Interesting, Daniel. As we’ve talked about in person, the TalkBackers are indeed an ugly, bleeding, vomit-inducing part of our Lancaster County neighborhood that infuriate me to no end, and yet I still read their comments. However – I take a bit of issue with your suggestion not to interact with them (to comment and close the tab), as I believe the interaction is what makes Social Media – well, social.
I think the true hope for restoration, heck, even call it redemption, of the TalkBack community is for rational individuals to interact with the current TalkBackers and with other rational folks on the forum. To borrow from a biblical idea, to be in the world yet not of it. The more we post intelligent, well-thought out comments, the more hope there is that their own comments may become more rounded.
What are your thoughts?
It’s fascinating to me, Jeremy, that you brought up “in the world but not of it.” I wrote this post while waiting to be seated at El Rodeo (Amanda was even OK with it), and it didn’t save a part in which I wrote that I think intelligent users of TalkBack should strive to be “in the forums but not of them.” And I think we agree that that’s the crux here–how to impact the discussions that take place there (which people do read, including people like us who know it will just make us mad.
You’re a more patient, calm person that I am, and I think you’d be able to pull off what you suggest–intelligent, even peaceful interaction. For me, it’s too high a challenge–I get sucked in to online debates like a piece of Romaine into a guinea pig’s mouth. It’s kind of like why not everyone could help directly in a ministry for prostitutes. The protection of distance is sometimes good.
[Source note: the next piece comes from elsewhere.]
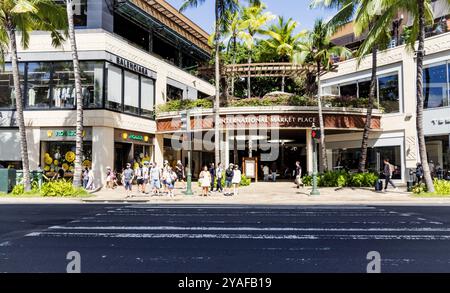 Oahu, Hawaii, USA - 26 febbraio 2024: Vista esterna del mercato Internazionale di Waikiki. Foto Stock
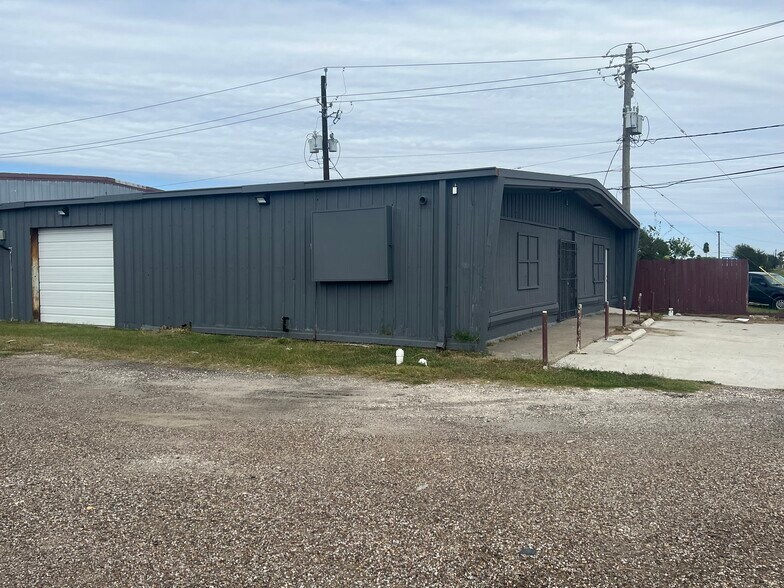 609 McBride Ln, Corpus Christi, TX 78408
Even without the interaction, I think the presence of intelligent comments will make a difference.
Chris, I couldn’t agree with you more on your last paragraph. It’s the reason I choose to use my real name almost all the time on social sites, and I suspect the same is true for you and Jeremy. If I wouldn’t say it in a town call meeting where everyone could see me and where I would have to take responsibility for my words, then I shouldn’t be saying it in TalkBack. Anonymity rules out the possibility of community.